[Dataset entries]
.....

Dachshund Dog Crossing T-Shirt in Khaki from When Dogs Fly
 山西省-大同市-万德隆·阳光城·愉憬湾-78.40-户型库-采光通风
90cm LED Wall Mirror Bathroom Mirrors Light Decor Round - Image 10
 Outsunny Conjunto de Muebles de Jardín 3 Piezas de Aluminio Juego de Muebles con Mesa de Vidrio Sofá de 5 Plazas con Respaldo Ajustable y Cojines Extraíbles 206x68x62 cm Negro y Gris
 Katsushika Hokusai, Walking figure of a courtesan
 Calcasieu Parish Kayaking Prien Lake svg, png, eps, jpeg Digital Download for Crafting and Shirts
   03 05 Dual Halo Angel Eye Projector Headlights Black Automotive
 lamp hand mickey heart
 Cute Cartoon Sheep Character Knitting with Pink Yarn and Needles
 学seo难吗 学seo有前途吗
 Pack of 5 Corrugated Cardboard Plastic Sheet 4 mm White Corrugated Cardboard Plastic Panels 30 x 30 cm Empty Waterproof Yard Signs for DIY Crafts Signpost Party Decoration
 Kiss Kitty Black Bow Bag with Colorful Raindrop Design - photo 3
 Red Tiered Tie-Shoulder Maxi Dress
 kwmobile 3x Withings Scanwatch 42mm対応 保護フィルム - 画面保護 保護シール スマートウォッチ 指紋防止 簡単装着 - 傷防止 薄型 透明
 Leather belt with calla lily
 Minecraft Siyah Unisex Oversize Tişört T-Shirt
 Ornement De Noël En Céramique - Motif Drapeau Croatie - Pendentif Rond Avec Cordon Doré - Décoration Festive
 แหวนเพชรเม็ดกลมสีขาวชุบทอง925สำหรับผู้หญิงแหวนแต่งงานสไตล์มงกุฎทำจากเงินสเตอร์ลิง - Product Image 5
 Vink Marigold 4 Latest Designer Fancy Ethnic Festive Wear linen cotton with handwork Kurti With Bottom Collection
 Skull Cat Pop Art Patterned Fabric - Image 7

.....

▶ PROBLEM DESCRIPTION: Copy out each line of the records above that includes "Festive".

▶ COMPLETED EXERCISE:
 Ornement De Noël En Céramique - Motif Drapeau Croatie - Pendentif Rond Avec Cordon Doré - Décoration Festive
 Vink Marigold 4 Latest Designer Fancy Ethnic Festive Wear linen cotton with handwork Kurti With Bottom Collection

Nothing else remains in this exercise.